▶ _Source material_:

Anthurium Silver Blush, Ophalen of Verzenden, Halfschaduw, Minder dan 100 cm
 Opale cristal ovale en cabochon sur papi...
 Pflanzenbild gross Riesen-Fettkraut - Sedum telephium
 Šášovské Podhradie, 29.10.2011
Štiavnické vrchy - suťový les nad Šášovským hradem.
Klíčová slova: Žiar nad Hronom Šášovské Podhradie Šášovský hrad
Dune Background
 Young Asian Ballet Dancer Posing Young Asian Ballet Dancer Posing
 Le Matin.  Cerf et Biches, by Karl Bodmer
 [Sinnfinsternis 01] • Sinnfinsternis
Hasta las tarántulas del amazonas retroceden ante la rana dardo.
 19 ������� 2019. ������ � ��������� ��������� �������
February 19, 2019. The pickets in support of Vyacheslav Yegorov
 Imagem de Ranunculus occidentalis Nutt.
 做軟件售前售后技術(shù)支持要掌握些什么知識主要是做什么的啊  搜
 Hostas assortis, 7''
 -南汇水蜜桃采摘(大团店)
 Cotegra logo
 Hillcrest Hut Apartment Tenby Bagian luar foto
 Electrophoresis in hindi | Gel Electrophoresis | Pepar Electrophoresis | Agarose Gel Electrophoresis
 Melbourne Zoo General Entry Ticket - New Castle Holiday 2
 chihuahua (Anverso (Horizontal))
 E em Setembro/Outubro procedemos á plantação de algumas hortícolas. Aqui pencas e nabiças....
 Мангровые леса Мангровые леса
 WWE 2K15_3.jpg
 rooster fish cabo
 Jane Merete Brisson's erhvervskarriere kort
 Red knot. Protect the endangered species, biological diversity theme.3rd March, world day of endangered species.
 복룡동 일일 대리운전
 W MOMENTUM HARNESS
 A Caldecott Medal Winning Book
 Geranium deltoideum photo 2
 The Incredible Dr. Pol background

▶ _What is expected_: Of the entries above, transcribe exactly those lines that fall between the line containing "Young Asian Ballet Dancer Posing Young" and the line containing "Hillcrest Hut Apartment", together with those two lines.

▶ _Exercise solution_:
 Young Asian Ballet Dancer Posing Young Asian Ballet Dancer Posing
 Le Matin.  Cerf et Biches, by Karl Bodmer
 [Sinnfinsternis 01] • Sinnfinsternis
Hasta las tarántulas del amazonas retroceden ante la rana dardo.
 19 ������� 2019. ������ � ��������� ��������� �������
February 19, 2019. The pickets in support of Vyacheslav Yegorov
 Imagem de Ranunculus occidentalis Nutt.
 做軟件售前售后技術(shù)支持要掌握些什么知識主要是做什么的啊  搜
 Hostas assortis, 7''
 -南汇水蜜桃采摘(大团店)
 Cotegra logo
 Hillcrest Hut Apartment Tenby Bagian luar foto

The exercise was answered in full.